• _INFORMATION SHOWN_:

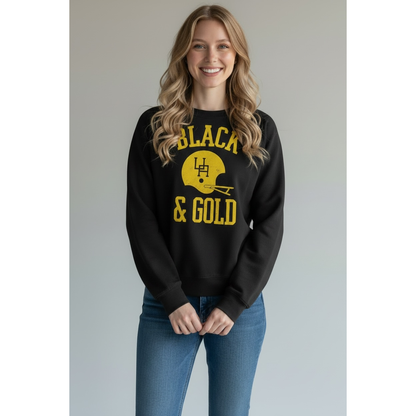 Black and Gold UA Football Adult Crewneck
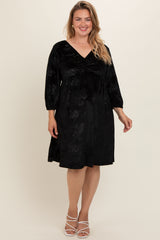 Black Velvet Floral Ruched Neck Plus Maternity Dress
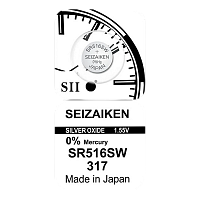 Батарейка SEIZAIKEN 317 (SR516SW)  Silver Oxide 1.55V (1/10/100/1000)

• _ABOUT THIS EXERCISE_: Repeat the material above word for word and skip every image in it.

• _TASK SOLUTION_:
 Black and Gold UA Football Adult Crewneck
 Black Velvet Floral Ruched Neck Plus Maternity Dress
 Батарейка SEIZAIKEN 317 (SR516SW)  Silver Oxide 1.55V (1/10/100/1000)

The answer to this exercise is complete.